(TASK DESCRIPTION): Without the pictures, repeat the listing character for character.
Segment Start: SOURCE DATA
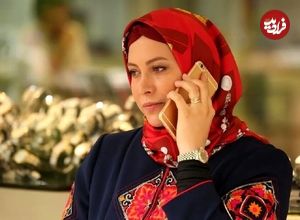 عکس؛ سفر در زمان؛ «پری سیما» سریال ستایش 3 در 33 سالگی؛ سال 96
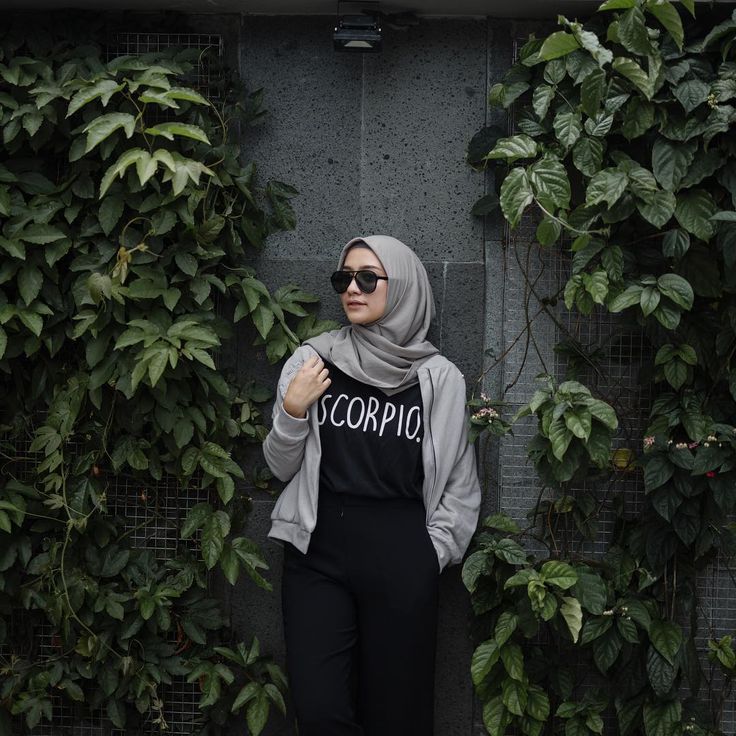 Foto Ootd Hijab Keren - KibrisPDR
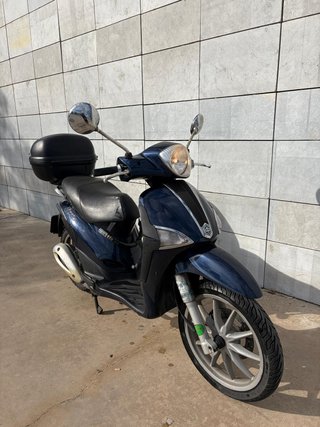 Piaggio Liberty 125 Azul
Segment End: SOURCE DATA
(RESPONSE AREA):
 عکس؛ سفر در زمان؛ «پری سیما» سریال ستایش 3 در 33 سالگی؛ سال 96
 Foto Ootd Hijab Keren - KibrisPDR
 Piaggio Liberty 125 Azul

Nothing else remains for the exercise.